Polo is a bit like rugby sevens. When you get bored you can always watch the chukkas with a helpful commentary team booming through the loud speakers. We learn gems such as a) polo originated in Persia in 600 BC and b) horses can gallop at speeds of up to 50km/h where players hit the 8cm diameter ball, using only their right hand. Terrific pub quiz fodder.
The sight of thoroughbred horses (or "ponies" as they are known in polo-speak), galloping down the field is exhilarating, especially when you add in the hand-eye co-ordination required.
Ponies get swapped at regular intervals. Spare a thought for the grooms beavering away in the background plaiting tails and manning pooper-scoopers while the players revel in the glory.
Observing fashion etiquette appears to be as important as any skill with a polo mallet. Summer dresses and teetering heels are the order of the day for women. Men don the sport's eponymous shirt or slip into something more crisp and bespoke. Straw hats are set at a rakish angle and sunglasses are often of the mirrored variety. For ladies, hemlines generally adhere to the rule of thumb, "must extend beyond the tips of your fingers when held at your sides" but the odd scrap of material masquerading as a belt somehow passes muster.
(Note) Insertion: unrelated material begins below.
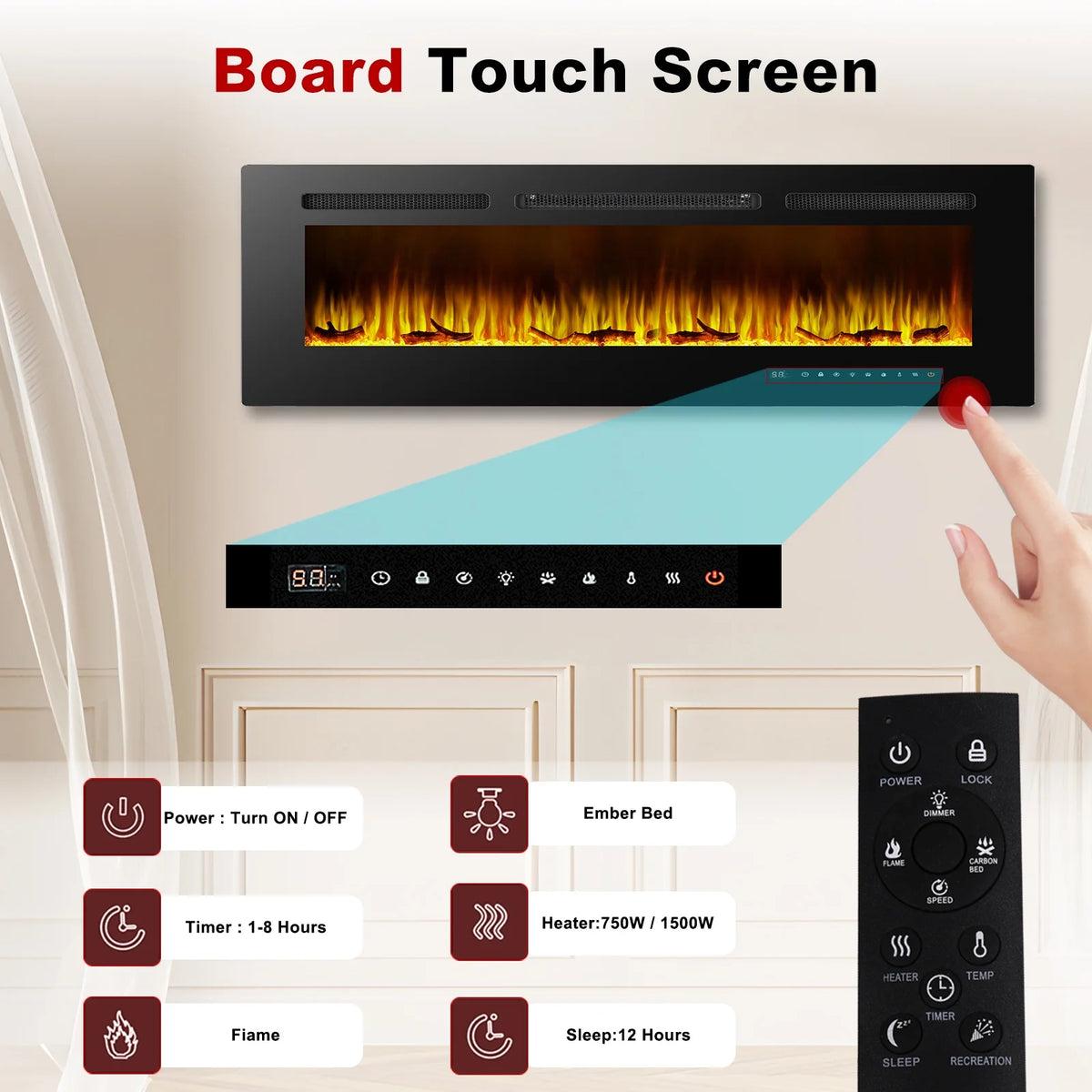 Cheminée électrique 60, cheminée encastrable ultra-fine et murale, cheminée linéaire avec minuterie, télécommande, couleur de flamme réglable, 750 w/1 500 w, noire
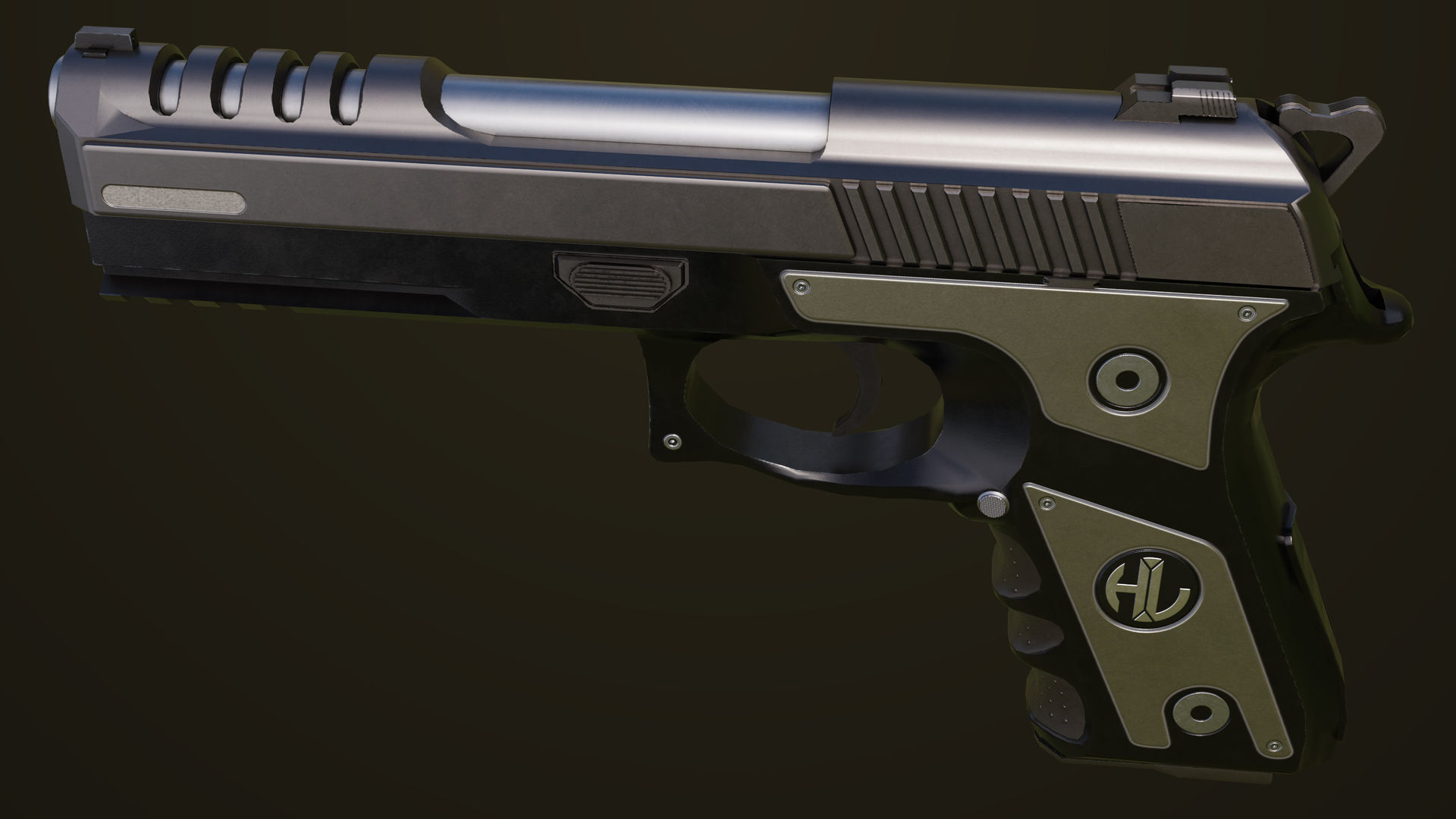 Pistol 02 Generic All PBR Unity UE Textures Included Low-poly 3D model_23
A frenzy of high heels also trot about. You can almost hear Achilles tendons squealing for mercy. A handful of chaps insist on donning white trousers, surely a faux pas when indulging in anything but a spot of cricket.
However, most patrons dress to a standard that would avoid setting off the sirens on Fashion Police.
One disappointment this year was that the traditional treading of divots at halftime was abridged. Technology has intervened. The cunning groundsmen have replaced rye grass with couch, meaning the turf doesn't rip up as much during play. Boo. Still, the legendary after-parties no doubt make up for that minor travesty. That's where the hair wax presumably comes into its own.